Friday, August 17, 2007

JOHN EDWARDS
Complications and Reality Keep the Mortgage Mess From Being Easy Politics
One more reason that the mortgage mess may not be the convenient political opportunity the Democrats expect, from the Wall Street Journal:
The Wall Street Journal has identified 34 New Orleans homes whose owners have faced foreclosure suits from subprime-lending units of Fortress Investment Group LLC. [John] Edwards has about $16 million invested in Fortress funds, according to a campaign aide who confirmed a more general Federal Election Commission report. Mr. Edwards worked for Fortress, a publicly held private-equity fund, from late 2005 through 2006.
Asked about the matter, Mr. Edwards yesterday pledged that he would personally provide financial assistance to New Orleanians who are facing foreclosure by Fortress-affiliated businesses or have lost their homes already. "I intend to help these people," the former North Carolina senator said.
He also promised to cleanse his portfolio of any investments that may be profiting from their losses. "I am going to divest" from any Fortress funds that have a stake in the subprime lenders that filed the foreclosures, he said in a telephone interview. "I will not have my family's money invested in these firms."
Mr. Edwards didn't give details on how or when he was going to proceed, either to alter his holdings or to aid borrowers. He said he plans to begin making amends to New Orleans homeowners first by contacting them and "seeing where they are in the process." He said his help may come from his own cash or in collaboration with a charity that specializes in repairing homes. The foreclosures, Mr. Edwards said, "run counter to what I'm about."
As usual, our friends on the left side of the aisle want to make this situation a story of good people and bad people, with poor working class folk being exploited by greedy CEOs of large companies.

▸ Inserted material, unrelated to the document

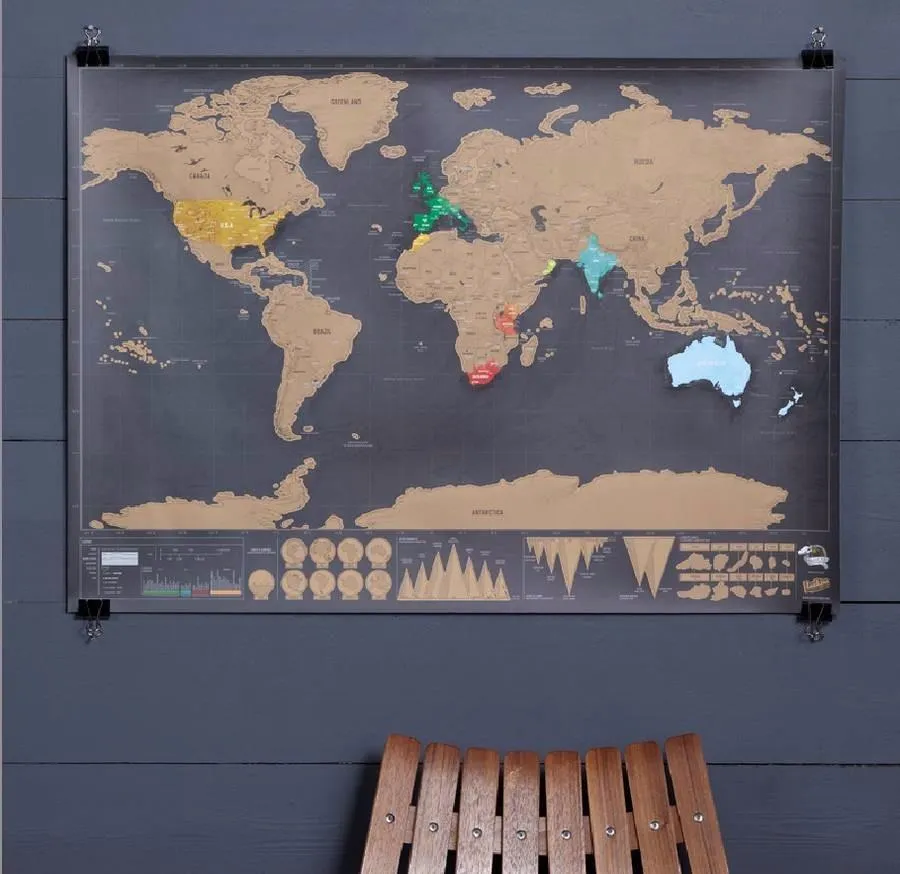 Premium Black Edition - Scratch Off Travel Map™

I'm willing to concede that in some cases, yes, perhaps some fast-talking lenders did mislead people, and didn't sufficiently explain that their adjustable rate mortgage could change. (That still doesn't excuse not reading the fine print.) But what has happened in many of these cases is that folks began to see buying houses as a way to get rich quick. Not unlike the dot-com bubble, people saw something whose value seemed to just go up and up and up. (In the past it was dot-com stocks, in this case it was real estate). They jumped on the "flipping" bandwagon. They figured they could buy a place with little or no money down, put in marble countertops and a few other changes, and sell it for $100,000 or more than they paid a year or two earlier. For a while, people actually managed to succeed at this.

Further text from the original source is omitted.